Running heads were running out of control. Even though it was a law book, we couldn’t find the law the running heads followed.
Orphans and widows were abundant in the proofs. We were generally compassionate to them, but not when we typeset.
And so … the proofreader rejected the proofs.
But when we looked at the sample given to us by the client, which had been published just a year earlier, it was equally "ugly." Oh my God, that's how they published it earlier too!
But when we looked at the sample given to us by the client, which had been published just a year earlier, it was equally “ugly.” Oh my God, that’s how they published it earlier too!
And then slowly but surely the mysteries were revealed to us. We discovered the brave new world of looseleaf books and supplements, the most common and effective way legal content got updated and published.

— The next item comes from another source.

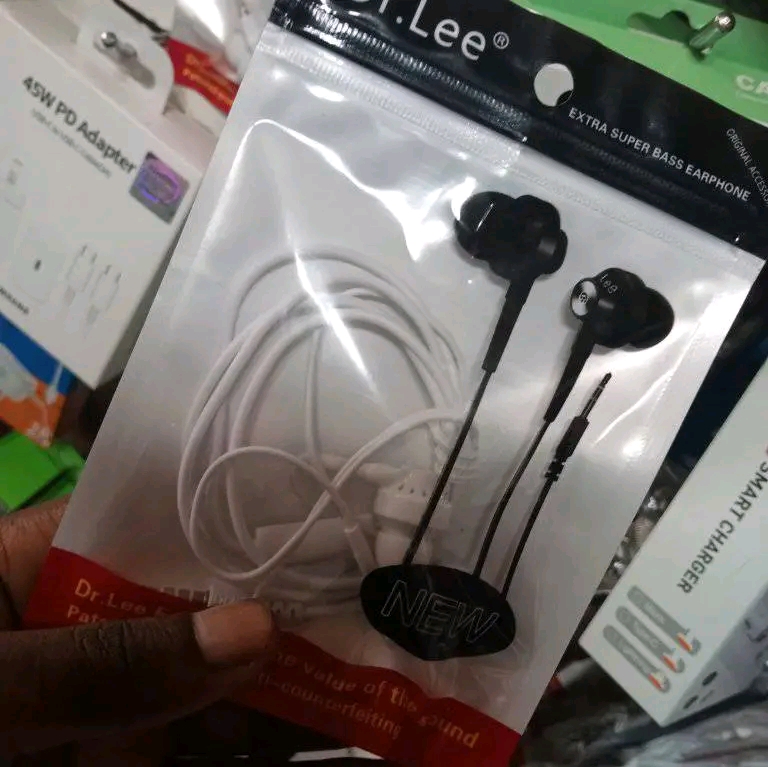 Dr Lee earphones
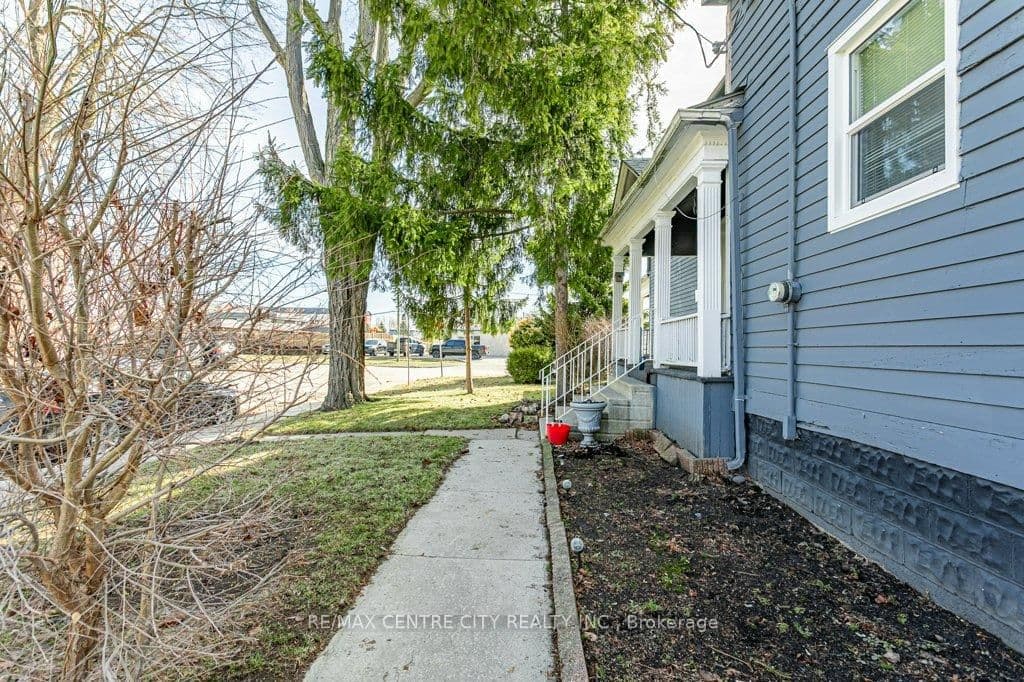 52 Princess Avenue thumbnail 37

Law is something that changes as often as law makers decide to do so. It also undergoes changes associated with the judgments of courts. Rules and regulations evolve and/or change as a consequence. Overall, it is a very dynamic domain as far as the associated content and literature are concerned.
That’s where the looseleaf plays a vital role.
Looseleaf gives us the marvelous journey (to misquote Cavafy)
The story of looseleaf begins with R. P. Ettinger when he was working with Charles William Gerstenberg in 1913 as a law clerk in Brooklyn, NY. They wrote a book on the topic of corporate finance and published the book on credit.
But, unfortunately, they were stuck with a lot of unsold books because of rapid and drastic changes in law, which meant that their writings were outdated as soon as they were printed. The perplexed but intelligent Ettinger tried to re-work the books: he drilled holes through the unsold books and converted each into a three ring-binder; he then removed the outdated pages and replaced them with updated content. And that is how Ettinger created the first looseleaf book, which became a very popular type of binder in publishing in the later part of the 20th century.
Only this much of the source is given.